• **WHAT YOU WILL DO**
All pictures should be dropped, and only the lines from the top of the entries below through the line containing "Wall Mural - A" repeated exactly, both ends included.

▼

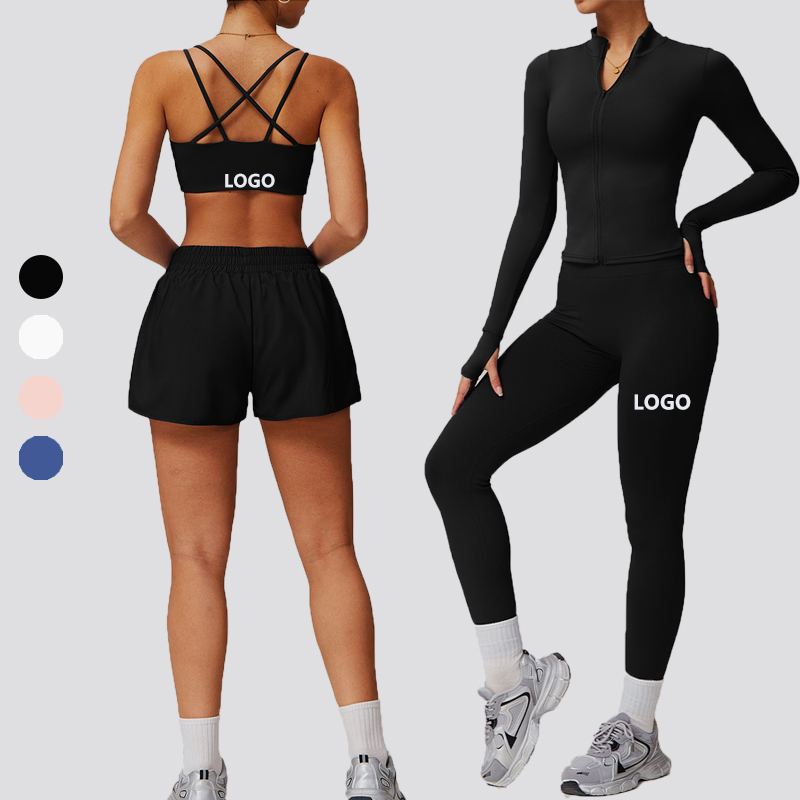 4Psc Women's Workout Short Sports Bra Fitness Beautiful Back Leggings Training Padded Sports Bra Active Jackets Gym Fitness Sets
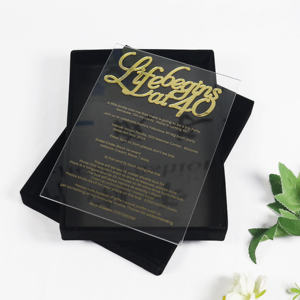 Luxus benutzerdefinierte goldene <span class=keywords><strong>Script</strong></span>-Initialen klar Acryl Hochzeit-Einladungen Goldfolie-Logo schwarze Samthandschachtel - Product Image 2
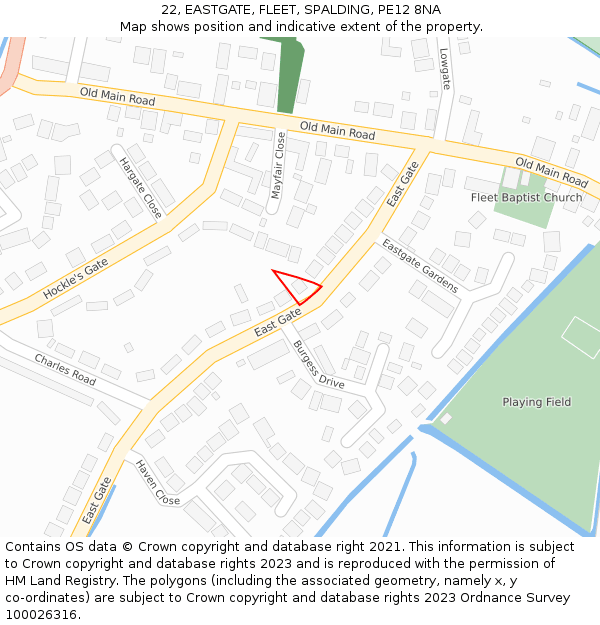 22, EASTGATE, FLEET, SPALDING, PE12 8NA: Location map and indicative extent of plot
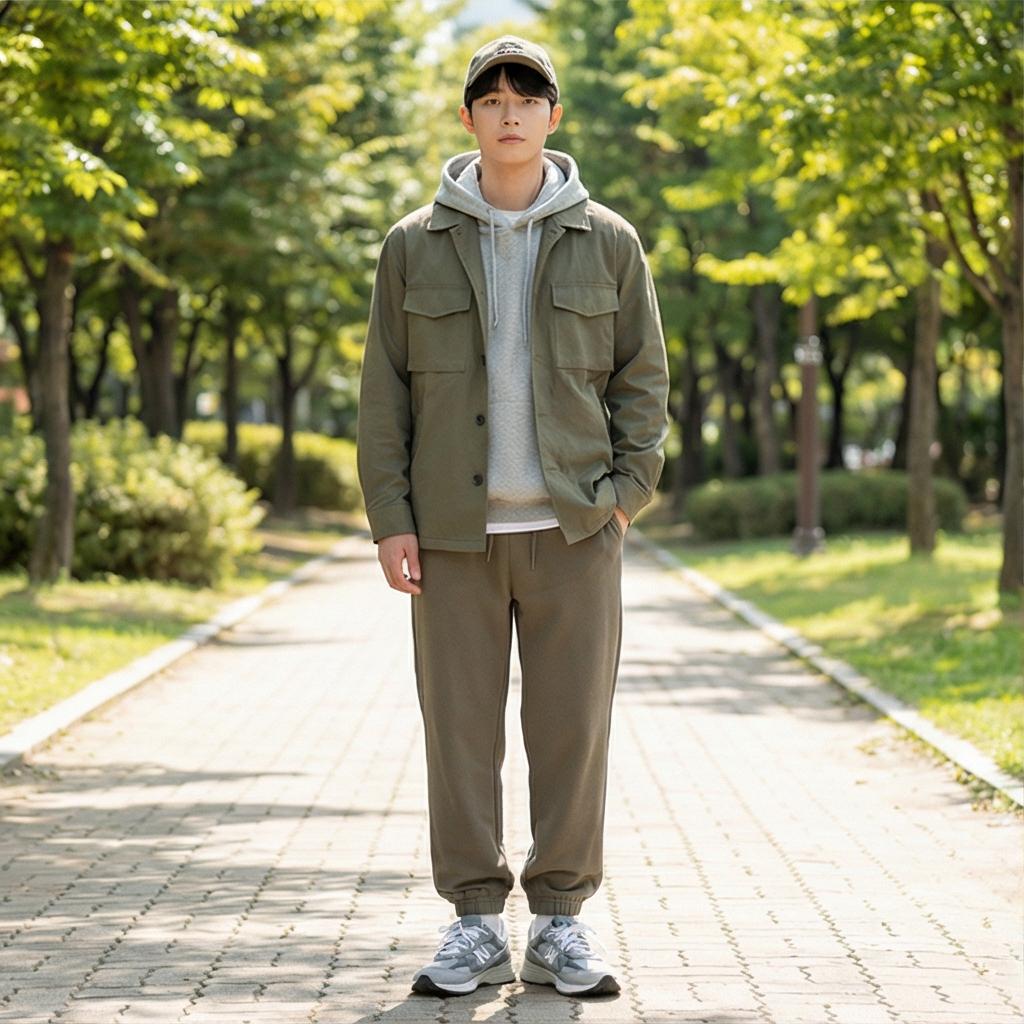 회색 후드티와 조거 팬츠: 활동적인 근교 나들이 룩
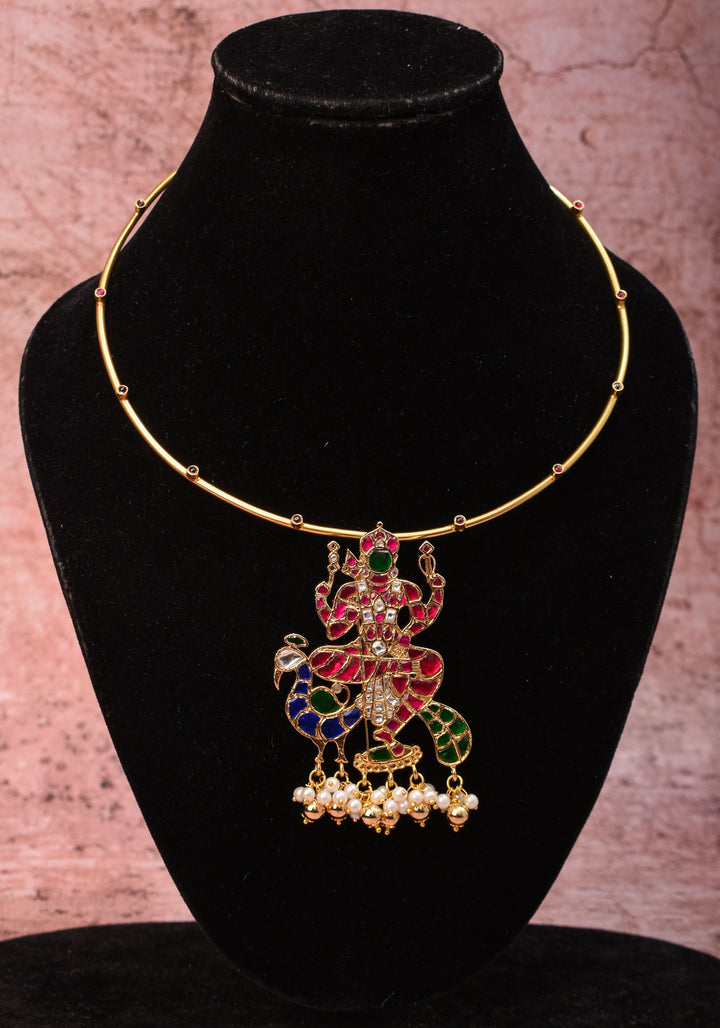 Kartikeya Jadau Pendant on Wire base Necklace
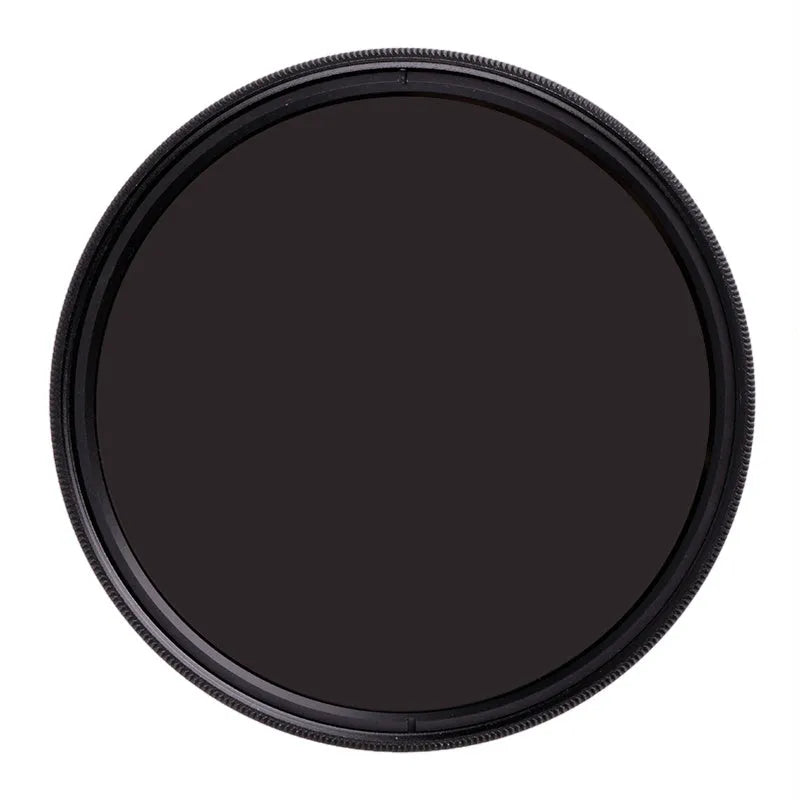 Camera ND8 filter with aviation aluminium frame showing lens thread and optical resin element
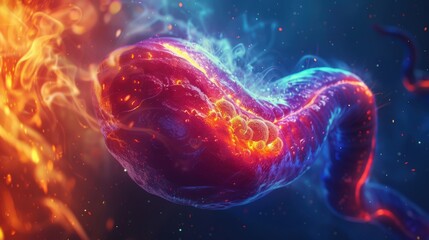 Wall Mural - A glowing, fiery, and colorful creature with a long, thin body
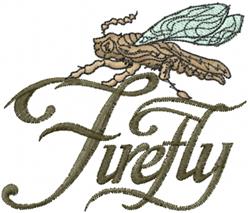 Illustrative firefly with delicate translucent wings in earthy tones, featuring the word 'Firefly' elegantly scripted below.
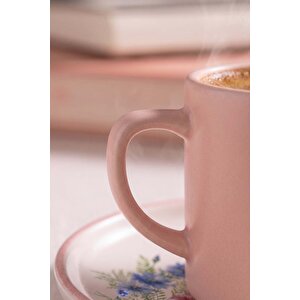 Pembe Elegant Blossoms 2 Kişilik Kahve Sunum Seti - 4 Parça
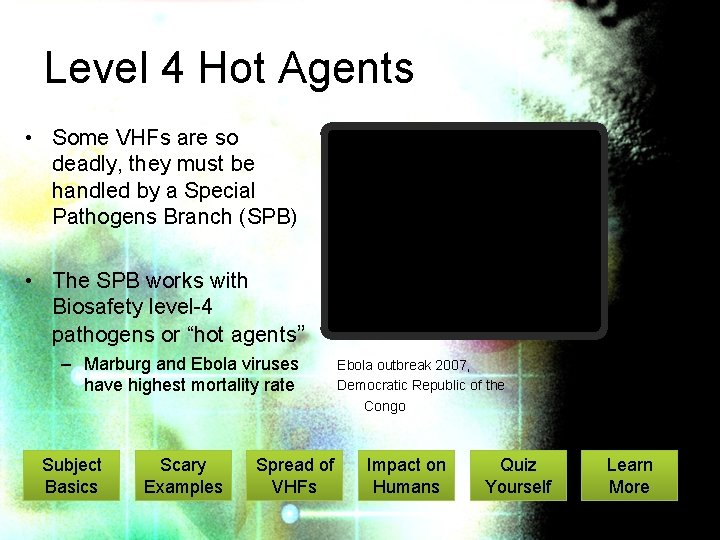 Level 4 Hot Agents • Some VHFs are so deadly, they must be handled
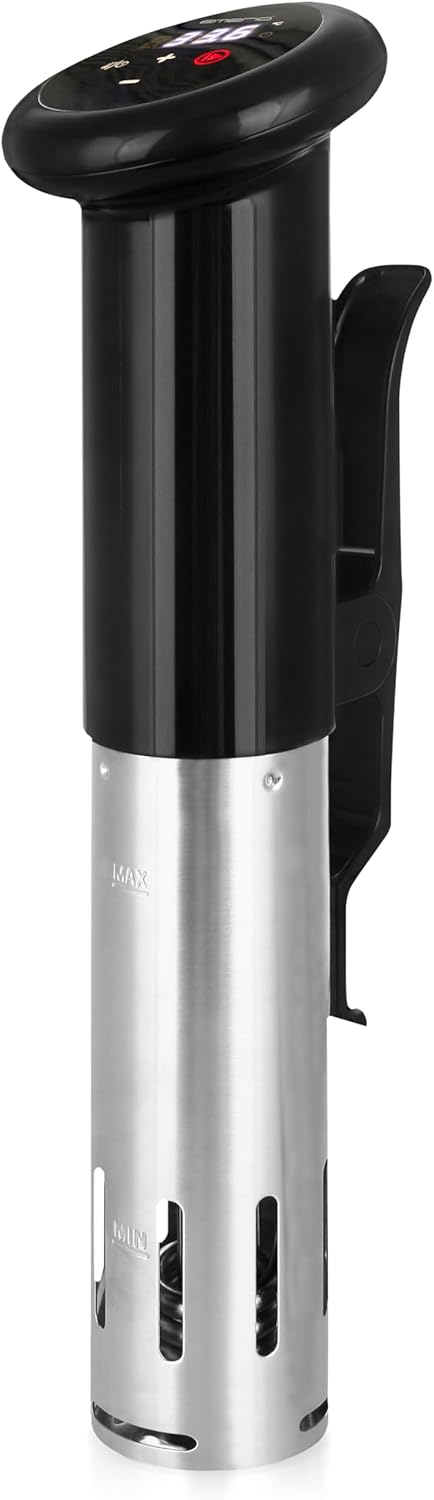 Emerio Sous-Vide Stick, Cooker, Slow Cooker, 1300 Watt, Timer, Water Circulation, 30-95°C Adjustable Thermostat, Digital Display, Waterproof IPX7, MIN - MAX Marking for Water Level, SC-122953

▲

• **EXERCISE RESPONSE**
 4Psc Women's Workout Short Sports Bra Fitness Beautiful Back Leggings Training Padded Sports Bra Active Jackets Gym Fitness Sets
 Luxus benutzerdefinierte goldene <span class=keywords><strong>Script</strong></span>-Initialen klar Acryl Hochzeit-Einladungen Goldfolie-Logo schwarze Samthandschachtel - Product Image 2
 22, EASTGATE, FLEET, SPALDING, PE12 8NA: Location map and indicative extent of plot
 회색 후드티와 조거 팬츠: 활동적인 근교 나들이 룩
 Kartikeya Jadau Pendant on Wire base Necklace
 Camera ND8 filter with aviation aluminium frame showing lens thread and optical resin element
 Wall Mural - A glowing, fiery, and colorful creature with a long, thin body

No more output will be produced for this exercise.